But the article failed to mention that Sheehan had previously described Bush as sincere and sympathetic in the meeting. According to an interview with her hometown paper, the Vacaville Reporter, Sheehan had said that although she was upset about the war, she decided not to confront the president — who clearly left a favorable impression: "I now know he's sincere about wanting freedom for the Iraqis…. I know he's sorry and feels some pain for our loss. And I know he's a man of faith."

Of that trip, Sheehan said: "That was the gift the president gave us, the gift of happiness, of being together." In the 11 articles and columns about Sheehan that The Times had run on its news pages as of Friday, there is no hint of her previous praise for the president.

Ironically, columnists Jonathan Chait and Margaret Carlson evidently assumed that The Times had informed its readers about Sheehan's contradictions, and ran columns that unconvincingly tried to reconcile Sheehan's varying versions. But even the Washington Post — no bastion of the fabled vast right-wing conspiracy — saw discrepancies between Sheehan's former and current descriptions of her meeting with the president.

Lending credence to Sheehan's earlier positive account, Newsweek has reported that families in similar meetings have been impressed by Bush's "emotionalism and his sincerity." Inclusion of that fact would certainly have changed the tone of any story about Sheehan in The Times.

Sheehan's changing accounts of her meeting with Bush are relevant to understanding the president's decision not to meet with her again. So are her descriptions of the president in a Dallas speech reported by leftist newsletter Counterpunch as a "lying bastard," a "maniac" and the leader of a "destructive neocon cabal." In an article for CommonDreams.org, she called that supposed cabal "the "biggest terrorist outfit in the world."

She also has turned her son's death into a tax protest, refusing to pay her income taxes for 2004, the year her son died, reportedly saying in the Dallas speech: "You killed my son, George Bush, and I don't owe you a penny." Sheehan's use of such inflammatory rhetoric sheds light on why Bush likely sees little upside in a public confrontation with her. But you would never know about these statements from reading The Times' news pages.

Nor would you learn that Casey Sheehan reenlisted after the war started. And only The Times' April 2004 obituary for the 24-year-old Army specialist noted that he bravely volunteered for the rescue mission in which he was killed by terrorists.

Likewise, while The Times reported that Cindy's husband, Patrick Sheehan, has filed for divorce — which may or may not pertain to her recent activities — it has not mentioned that other members of Sheehan's family have clearly distanced themselves from her protest, as reported in the San Jose Mercury News.

Of course, hundreds of mothers across the country also continue to support the war despite having lost their own sons in Iraq. These mothers have no less moral authority than Cindy Sheehan, but their views have been sorely lacking in The Times' unbalanced coverage of Sheehan's protest.

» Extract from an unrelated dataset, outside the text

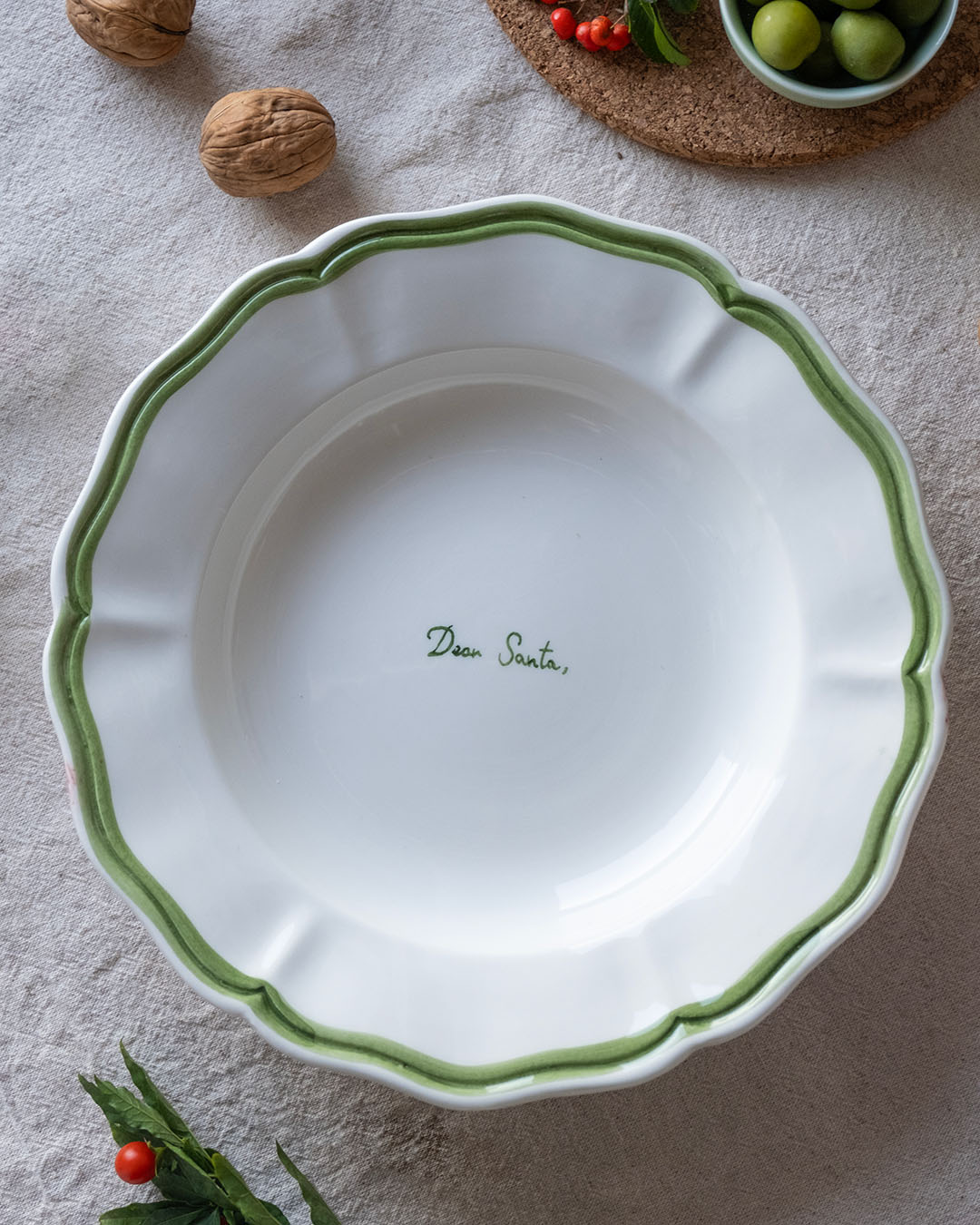 "Dear Santa" plate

Also missing is the perspective of Iraqis who lost loved ones to the bloodthirsty reign of Saddam Hussein, during which 300,000 to 1 million civilians were slaughtered. An Iraqi named Mohammed at the blog Iraq the Model (iraqthemodel.blogspot.com) recently explained the importance of that fact, in a moving message addressed to Sheehan: "Your face doesn't look strange to me at all; I see it every day on endless numbers of Iraqi women who were struck by losses like yours. Our fellow countrymen and women were buried alive, cut to pieces and thrown in acid pools and some were fed to the wild dogs….

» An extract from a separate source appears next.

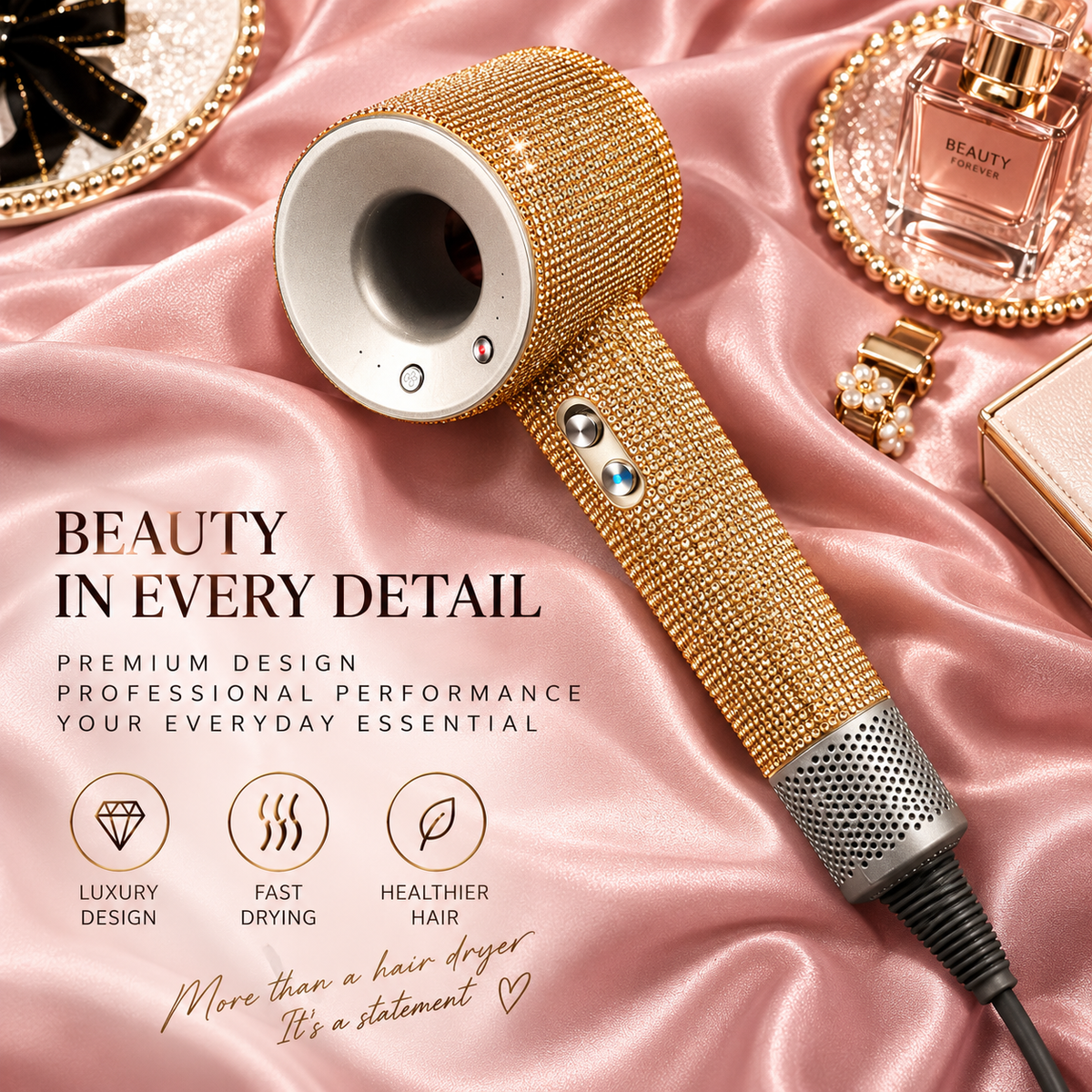 Piandfi™ Supersonic Diamond Hair Dryer (5 attachments)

"I ask you in the name of God or whatever you believe in; do not waste your son's blood."

Sheehan probably would gain more from a single meeting with Mohammed than a second meeting with Bush. Times readers also would benefit from occasional exposure to perspectives such as Mohammed's — as well as the missing facts about Sheehan's antiwar activism.

Rational people can disagree whether the war in Iraq is justified. But a newspaper's job is to report all relevant facts and present different perspectives, not just those that suit one particular viewpoint.

By that measure, The Times has woefully failed its readers with its one-sided coverage of the Cindy Sheehan story.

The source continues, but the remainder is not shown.